Yesterday we began to think about the finite nature of time — that there are only so many hours in a day, and what we do with them impacts what we’re actually able to get done.
The same is true for ourselves.
Our bodies and minds and hearts and spirits have limits.
Some of this has to do with the natural rhythm embedded in us that we discussed at the beginning of this series — how we are actually made in our true state of being cannot do things outside that rhythm very well. We can try, and perhaps succeed for a time, but eventually we will wear out.
In other words, how we are uniquely made to function impacts what we can and can’t do.
And then there is the pure physicality of our limits.
Our minds function optimally for a certain period of time each day before slowing down and then needing rest. And the same goes for our bodies. We need rest, down time, recuperation, and sleep to recalibrate and recharge our embodied batteries.
Our bodies themselves make a difference in what we can do, too. Because we have bones and muscles that connect in certain ways, we cannot do whatever we want with the bodies we live in. We are limited by their structure and connections.

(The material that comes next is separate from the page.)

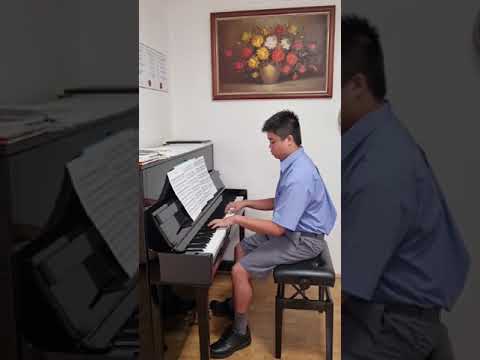 G minor Bach - Arranged by Lou Ni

And then there’s the actual shape of our bodies — if we are tiny, we cannot lift gargantuan things; if our metabolism is fast or slow, that impacts our stamina and pace of life; if our muscles and bones are strong and firm, we can move around and do things with relative ease; if they aren’t, we have to take greater care.
Living a rhythmed life means paying attention to these realities of our finite selves.
What can the reality of your finite self teach you about helpful or unhelpful rhythms and commitments in your life right now?